Thanks for looking into this. I believe that the current implementation is an artifact of needing the code to work nicely in conjunction with Zygote, but I don't think I've looked at it since it was first implemented so I might be misremembering.

FelixBenning commented 1 year ago

@willtebbutt I mean this is a reasonable implementation if you do not expect to incrementally evaluate a random function step by step. And to make this step by step evaluation performant you need a non-standard memory layout. So it isn't bad code. It just doesn't work nicely with incremental evaluation.

I also didn't do benchmarks so far - this is only a theoretical consideration. I was interested in Bayesian Optimization on high dimensional random functions. And this resulted in a form of gradient descent but with calculable step sizes. To test those out I needed to be able to simulate high dimensional, differentiable random functions and felt like it was easier to write a package myself than try and fit this non-standard requirement into existing packages. Now I try to circle back and see what I actually need and how to merge this into existing packages.

The non-standard memory layout should maybe be its own package - it is essentially a different implementation of an abstract array which works nicely with incremental cholesky decompositions

Crown421 commented 1 year ago

I have been looking into this "lazy" evaluation of a GP before, I think the first time I have seen it was in this paper.

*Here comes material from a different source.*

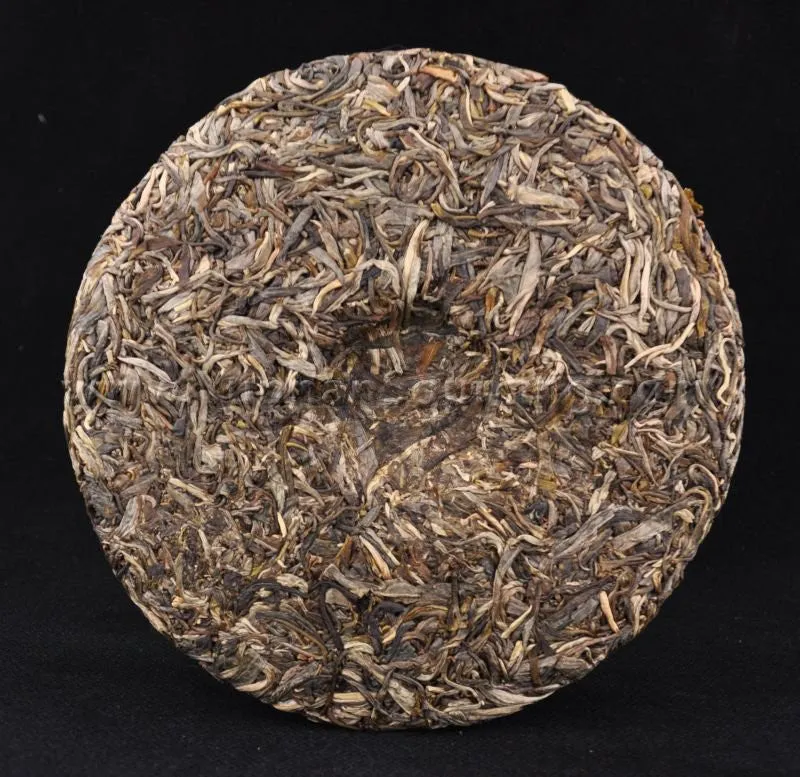 2010 Yunnan Sourcing "Autumn Mang Fei" Raw Pu-erh Tea Cake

For me, this falls under "sampling" a GP, maybe perhaps be seen as an alternative of decoupled pathwise sampling or just naively sampling on a grid and interpolating, all of which of some pros and cons in different scenarios.

I think it would make sense to have a some common interface for all these methods to get realizations from a AbstractGP, but perhaps the best place for them would be ApproximateGPs.jl?

FelixBenning commented 1 year ago

I don't think that this belongs into ApproximateGPs.jl as the lazy evaluation is exact if based on an incremental cholesky decomposition. Approximations are also possible to reduce the increasing cost of successive function calls but not necessary.

Crown421 commented 1 year ago

I could see the proposed method based on incremental cholesky here, and then approximate methods for sampling the GP (incremental choleksy but with finite cyclic buffer, decoupled sampling, grid sampling,...).

I think an interface like rand(::GP, ::SamplingMethod) makes sense to me. The default could be the proposed lazy sampling, such that i.e. rand(gp, LazySampling) returns a function fs, which can be evaluated at locations x. This can then be extended to rand(GP, DecoupledSampling), rand(GP, GridSampling(::Range, ...), rand(GP, FinBufferSampling(n) in ApproximateGPs.